令和3年度 春期 応用情報技術者試験 午前 問7
テクノロジ/アルゴリズムアルゴリズム設計としての分割統治法に関する記述として,適切なものはどれか。
出典:令和3年度 春期 応用情報技術者試験 午前 問7
- ア与えられた問題を直接解くことが難しいときに,幾つかに分割した一部分に注目し,とりあえず粗い解を出し,それを逐次改良して精度の良い解を得る方法である。
- イ起こり得る全てのデータを組み合わせ,それぞれの解を調べることによって,データの組合せのうち無駄なものを除き,実際に調べる組合せ数を減らす方法である。
- ウ全体を幾つかの小さな問題に分割して,それぞれの小さな問題を独立に処理した結果をつなぎ合わせて,最終的に元の問題を解決する方法である。

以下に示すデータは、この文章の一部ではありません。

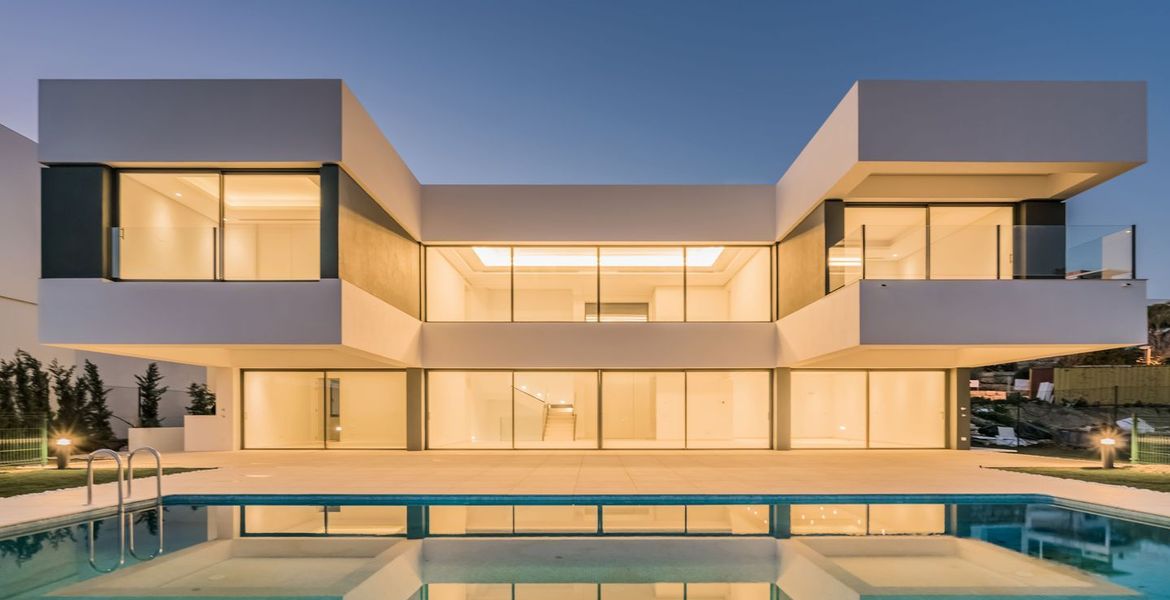 Impresionante nueva villa de lujo moderna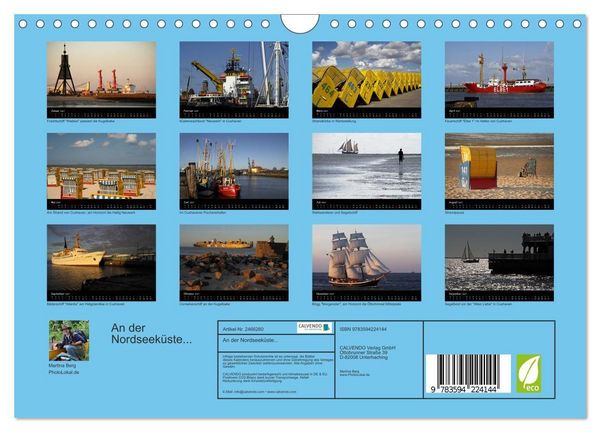 Produktbild: An der Nordseek&uuml;ste... (Wandkalender 2027 DIN A4 quer), CALVENDO Monatskalender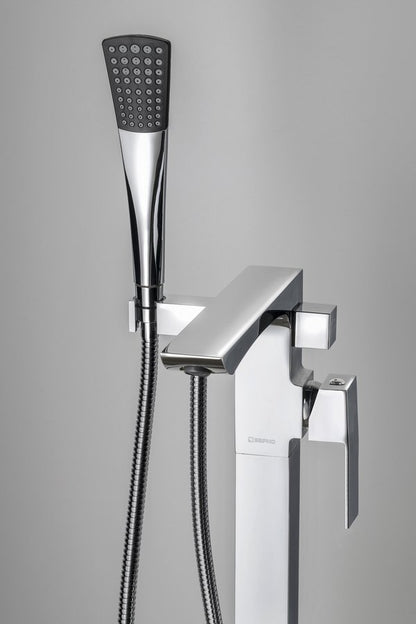 LATUS Baterie cadă freestanding, crom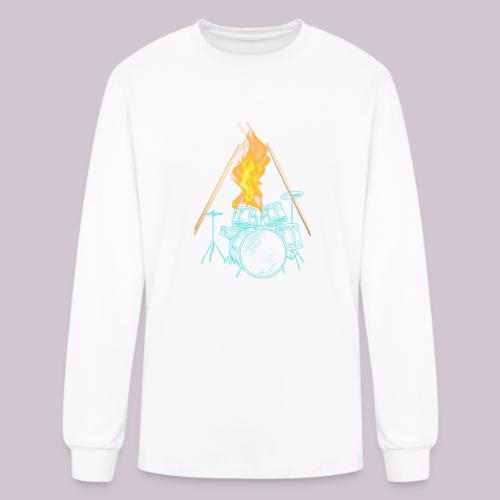 Drums on Fire - Men's Long Sleeve T-Shirt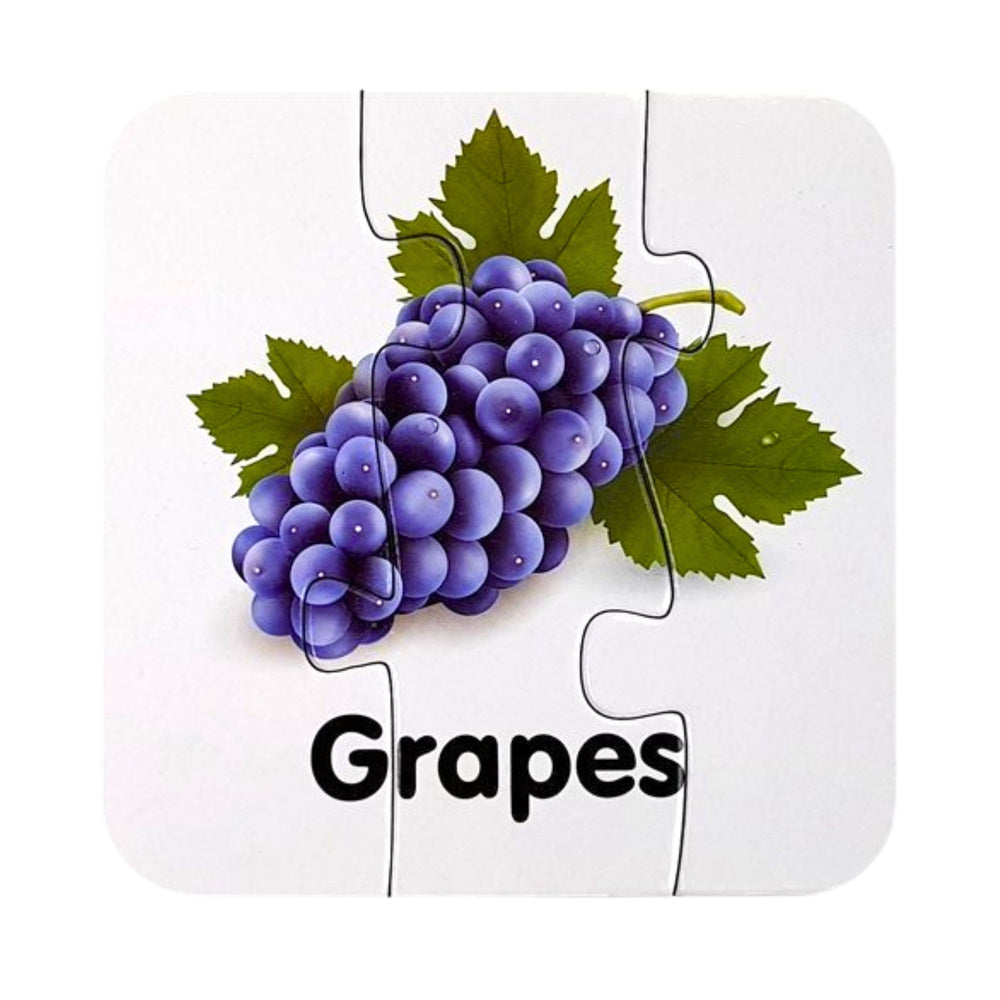 Puzzle educativo frutas 10 ligações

- エまずは問題全体のことは考えずに,問題をある尺度に沿って分解し,各時点で最良の解を選択し,これを繰り返すことによって,全体の最適解を得る方法である。
正解:ウ
解説
分割統治法(divide and conquer)は,問題全体を幾つかの小さな部分問題に分割し,それぞれを独立に解いた結果を統合(つなぎ合わせ)して元の問題の解を得る設計手法です。マージソートやクイックソートが代表例です。
選択肢ごとの解説
- ア誤り。粗い解を出して逐次改良していくのは,逐次改良法(反復改善法)などの説明です。
- イ誤り。全ての組合せから無駄なものを除いて調べる数を減らすのは,分枝限定法などの枝刈り手法の説明です。
- ウ正しい。問題を小さな問題に分割し,独立に処理した結果をつなぎ合わせて元の問題を解決するのが分割統治法です。
- エ誤り。各時点で最良の解を選択することを繰り返すのは,貪欲法(グリーディ法)の説明です。